Did Adam and Eve have bellybuttons? Were there dinosaurs on the Ark? How did animals cross continents from the Ark's final resting place? Who did Adam and Eve’s children marry? Why do people from different parts of the world all look so different if they all share the same two common ancestors?
We can be captured by the stories of Biblical characters; Adam, Eve, Cain and Able; Noah; Abraham, Sarah, Hagar, Ishmael and Isaac; Jacob, Leah and Rebecca; Joseph and his brothers; Moses, Aaron and Miriam; Joshua and Caleb; Samson, Gideon and Deborah; Saul, Jonathan, David, Solomon; Jonah, Hezekiah, Josiah and countless other prophets and Kings from the Hebrew Bible; John the Baptist, Jesus and his disciples; Paul and Timothy. We may find ourselves asking: Is this how it really happened? The boy Samuel hearing God speaking in the night. Elijah and Elisha standing up to corrupt kings. Jesus sharing his message of love and forgiveness. Paul travelling to new frontiers in the Roman Empire.

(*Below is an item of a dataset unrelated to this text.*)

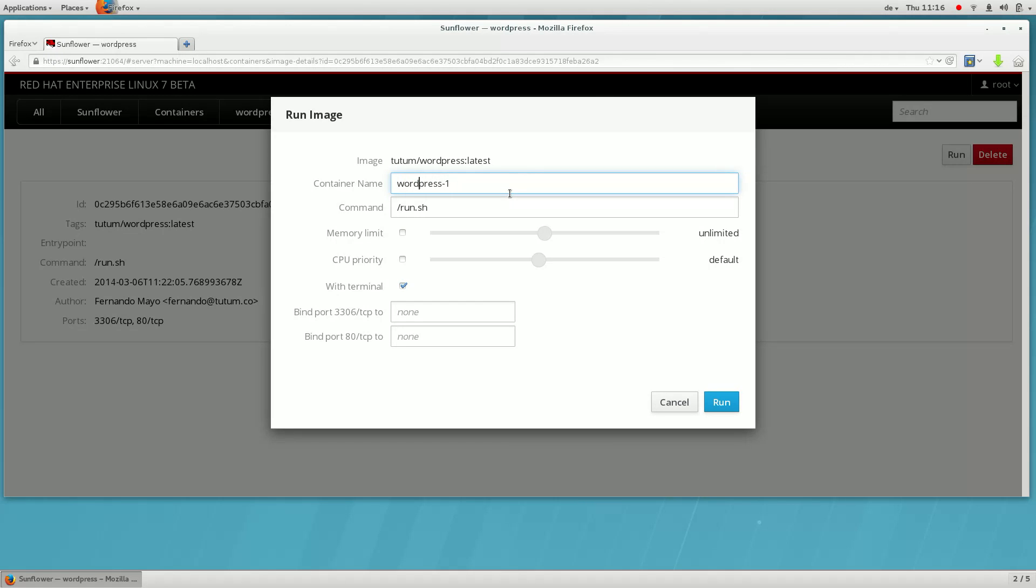Now notice that the ports that the container servers will listen on are available to be mapped to host ports. Let's choose a unique port for this service.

Yet, questions, outlined above, continue to raise their heads in the light of science, history and movies about dinosaurs. How do the stories of the Bible fit together with what we learn in the wider world? Debates over the issue of whether the Bible is ‘true’ or not has divided Christian communities particularly over the last two centuries, becoming a contentious point of debate. The contest was famously embodied in the Scopes Monkey Trial, in which an American school teacher was prosecuted for teaching evolution in the 1920s. Even today, the topic sparks emotive responses in many Christian schools and churches, with the push to have “Intelligent Design” included as science curricula a feature of recent discussion.
+ A Religious Response
We read the Bible in obedience to our tradition
Go back in history a touch over five hundred years, and most Christians in medieval Europe would not have read the Bible at all. They may have heard about it, had it preached at them, seen it from a distance (probably with it chained to the alter in the local church) or seen stories depicted in artwork or stained glass windows, but it would not have been read. In that time, it wasn't so much about the particular words in the Bible, but what those words represented as moral lessons for society. It was widely believed that common people couldn't understand the Bible, and so actual reading of it was reserved for priests and officers of the church.

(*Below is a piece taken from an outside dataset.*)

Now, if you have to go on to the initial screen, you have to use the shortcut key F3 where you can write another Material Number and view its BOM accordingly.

Fast-forward through the Reformation, which translated the Bible from Latin and Greek to the more commonly used languages of German and English, and everyone had a copy of the Bible. It was much more widely accessed, and more widely owned, than ever before.
The question of understanding, however, remains disputed.
+ A Scholarly Response
We read the the Bible as one of the great ethical and literary texts
+ A "Spiritual Response"
We read the Bible to find a deeper truth
As Christians, the ultimate goal is to understand Jesus. The Bible can help to understand Jesus, but it can also be confusing, scary, horrifying and bewildering. Not all bits of the Bible are useful to all of us all of the time. So in the following pages, we will begin exploring the content of the Bible by trying to summarise the breadth of the Biblical story or ‘narrative’. We will begin with an overview of the Hebrew Bible and then discuss the ‘inter-testamental’ period… the bit that links the Hebrew Bible and New Testament stories together. We can then look at the arrival of Jesus and the church in the New Testament. It’s hard to learn about someone without actually meeting them, which is why the Bible is so important. The life, personality and mission of Jesus are all contained within the pages of the Bible—the best account we have of God as ‘one of us’.